▶ INFORMATION SHOWN:

○ ○ ○

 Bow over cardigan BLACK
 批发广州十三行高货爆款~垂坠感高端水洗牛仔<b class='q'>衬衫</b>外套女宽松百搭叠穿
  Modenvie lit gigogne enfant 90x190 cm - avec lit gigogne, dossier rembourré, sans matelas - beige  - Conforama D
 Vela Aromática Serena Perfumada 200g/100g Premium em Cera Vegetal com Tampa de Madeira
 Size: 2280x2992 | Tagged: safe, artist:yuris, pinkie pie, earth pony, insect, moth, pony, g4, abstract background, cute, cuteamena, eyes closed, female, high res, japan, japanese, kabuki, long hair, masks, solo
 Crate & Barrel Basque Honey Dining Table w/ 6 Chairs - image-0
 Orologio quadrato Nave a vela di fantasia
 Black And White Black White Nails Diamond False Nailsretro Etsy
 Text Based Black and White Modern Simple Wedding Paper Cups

○ ○ ○

▶ EXERCISE PROMPT: Everything from the line containing "Orologio quadrato Nave a vela di fantasia" to the end of the listing above must be returned exactly. Both end lines belong in it.

▶ RESPONSE:
 Orologio quadrato Nave a vela di fantasia
 Black And White Black White Nails Diamond False Nailsretro Etsy
 Text Based Black and White Modern Simple Wedding Paper Cups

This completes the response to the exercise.